ブロガー・アフィリエイターのための「はじめての青色申告シリーズ」第5回です。
前回(第4回)は青色申告開始手続きについて書きました。
前年のうちに手続きが済んでいる人は今年は青色申告ができますが、2月中旬から3月中旬にかけての確定申告期間中に青色申告をしなければなりません。
青色申告では所定の帳簿や書類を作らないといけないのですが、事前の段取りが悪いと後でとても苦労します。
帳簿作成に取り掛かる前に、やっておくべき準備を把握しましょう。
具体的にどんな準備をすればいいのか
準備が大事、準備が大事、と連呼していますが、具体的に何をすればいいのか。
大きく分けて次の二つの準備をすることになります。
- 収入・支出や現金・預金を事業と家計に色分けする
- 事業用のお金の流れを裏付ける証拠を集める
収入・支出や現金・預金を事業と家計に色分けする
青色申告は事業所得(事業利益)を国に報告するものです。
所定の帳簿と決算書類を作らないといけませんが、そこには事業用のお金の流れだけを記録します。

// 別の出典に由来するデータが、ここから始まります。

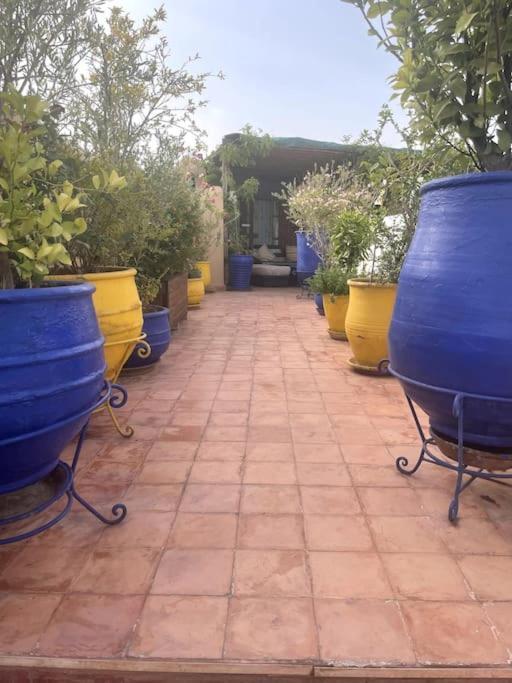Exclusive And Stylish 4-Bedroom Riad With Plunge Pool Marrakesh Buitenkant foto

ですから、収入・支出・現金・預金をそれぞれ事業と家計に色分けすることが必要です。
お金の流れを裏付ける証拠を集める
また、青色申告では、所定の帳簿と決算書類を作るだけではなく、証憑書類(帳簿や書類の記載内容の裏付けとなる明細や領収書類)を保存することも必要です。
収入・支出・現金・預金口座をそれぞれ事業用と家計用とにしっかり区分することで、どのような明細・領収書類を集めて保存すべきかがわかります。

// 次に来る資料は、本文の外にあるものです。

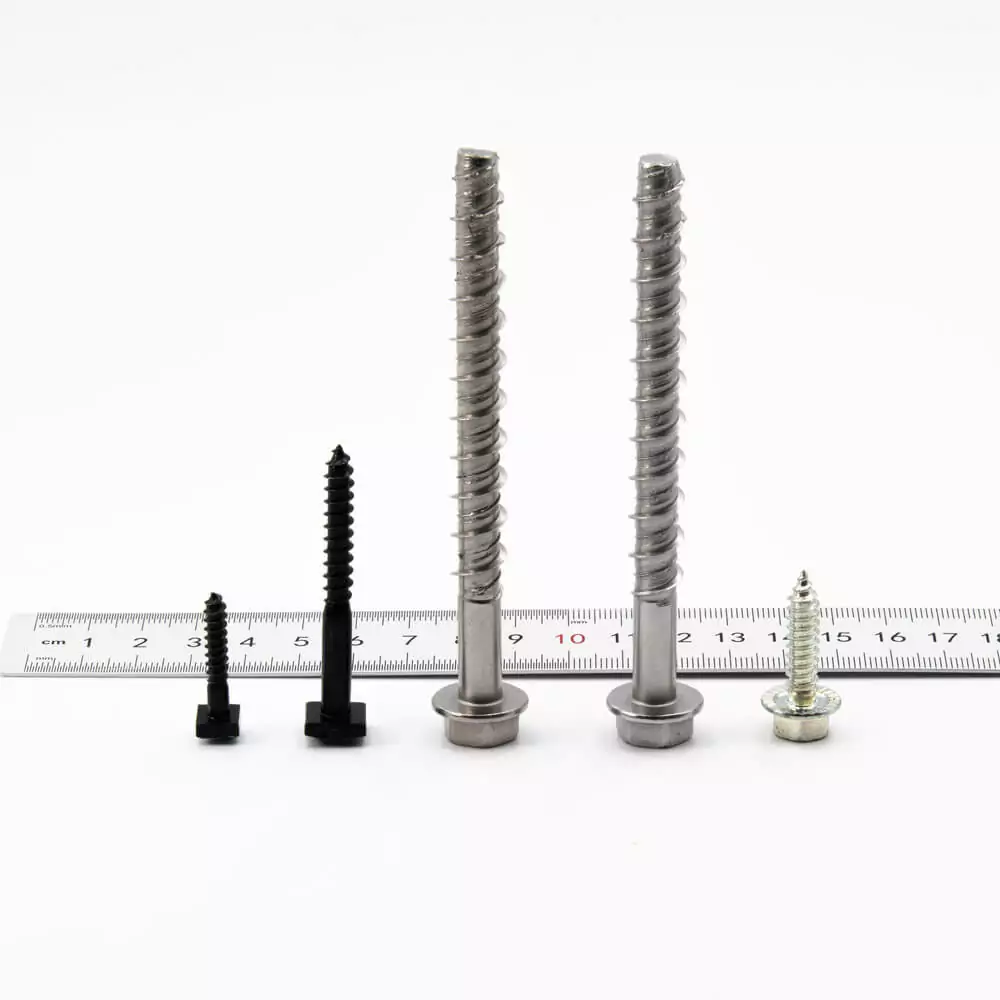 Concrete Screws in Standard or Custom Configurations-2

帳簿作成作業の前に、お金の流れを事業と家計とに区分し、証憑書類をきっちり確保しましょう。
また、取引明細類は、証憑書類として保存するだけでなく、エクセルで仕訳を作る元資料としても重要です。
取引明細類をウェブサイトから保存する場合は、
- 印刷保存用のPDF形式
- .csv形式などExcelに対応する形式
の2通りで保存しておくべきです。
現金の区分と証憑書類
まず、現金を事業用と家計用に分けることから始めましょう。
…と言いたいところですが、アフィリエイターやブロガーの場合、現金は全て家計用として扱うべきです。
事業用の現金を持つと帳簿作成作業がとても煩雑になります。
持たずに済むなら事業用の現金は持たない方がいいのです。
アフィリエイターやブロガーの場合、事業用の現金のやり取りはとても少ないはず。
事業用の現金を持たなくても全く問題はありません。
現金を全て家計用とすることで、現金についての証憑書類を集める手間も小さくなります。
私も現金はすべて家計用として扱っていて、事業用の現金は持たないようにしています。
預金の区分と証憑書類
預金については、売上が入金される口座はすべて事業用口座とし、それ以外の口座を家計口座とすればいいです。
事業用口座の入出金明細は、帳簿作成作業で最も重要になる基礎資料です。.csvファイルで1年分をダウンロードしておきましょう。
作業用の入出金明細とは別に、証憑資料として保存するものが必要ですが、これは通帳でいいです。ATMなどで1年分漏れなく記入しておきましょう。
通帳のないネット専業銀行を利用している場合は、通帳の代わりに取引履歴明細証明書をPDFで保存しておきましょう。
いずれ印刷して紙の形にして残すのですが、青色申告では印刷するべきものが大量にありますので、印刷は最後にまとめて行います。
私の場合は、A8ネットからの売上はゆうちょ銀行に、その他のASPからの売上は楽天銀行に入金されるので、この2つの銀行口座を事業用口座としています。
楽天銀行では入出金明細画面の下のほうに、
入出金明細(.csv)と取引履歴明細証明書(.pdf)のダウンロードコーナーがあります。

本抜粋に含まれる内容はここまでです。